Subject to the foregoing and the other matters set forth herein, it is our opinion that the Shares have been duly authorized by all necessary corporate action of the Company and reserved for issuance upon conversion of the Convertible Senior Secured Notes due 2029 and, assuming issuance of the Shares upon conversion of the Convertible Senior Secured Notes due 2029 on the date hereof in accordance with the terms of the Convertible Senior Secured Notes due 2029 and the Indenture, dated as of January 2, 2024, by and among the Company, the guarantors from time to time party thereto (the “Guarantors”), and U.S. Bank Trust Company, National Association, as trustee (in such capacity, the “Trustee”) and collateral agent (in such capacity, the “Collateral Agent”), as amended and supplemented by the Supplemental Indenture, dated as of October 29, 2025, by and among the Company, the Guarantors, and the Trustee and Collateral Agent, would be validly issued, fully paid and nonassessable.

 

Our opinion is subject to the effect of bankruptcy.
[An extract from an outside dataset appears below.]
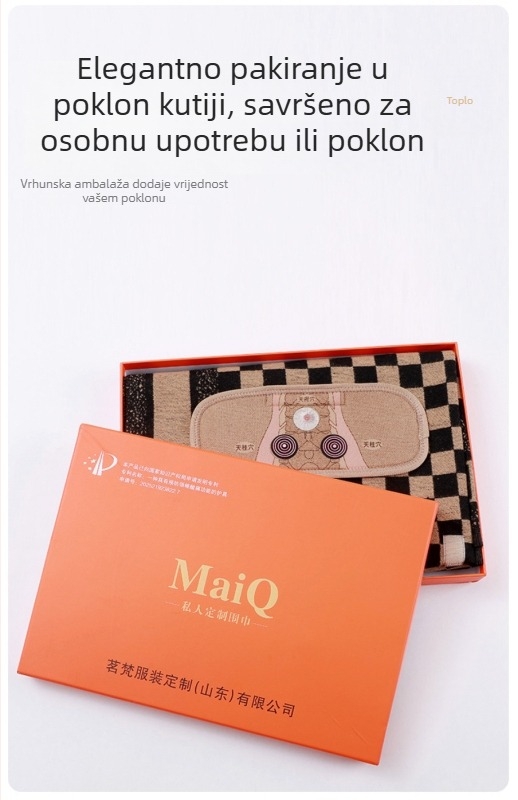 Maiq magnetski šal za vrat MW001, poliester, Zhejiang, zima 2025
We express no opinion with respect to any provision permitting, upon acceleration of the Convertible Senior Secured Notes due 2029, collection of that portion of the stated principal amount thereof which might be determined to constitute unearned interest thereon.

 

In rendering this opinion, we have assumed that the Company will comply with all applicable notice requirements regarding uncertificated shares provided in the DGCL.

 

This opinion is for your benefit in connection with the Prospectus Supplement and may be relied upon by you and by persons entitled to rely upon it pursuant to the applicable provisions of the Act. We consent to your filing this opinion as an exhibit to the Company’s Current Report on Form 8-K filed with the Commission on January 23, 2026 and to the reference to our firm contained in the Prospectus Supplement under the heading “Legal Matters.” In giving such consent, we do not thereby admit that we are in the category of persons whose consent is required under Section 7 of the Act or the rules and regulations of the Commission thereunder.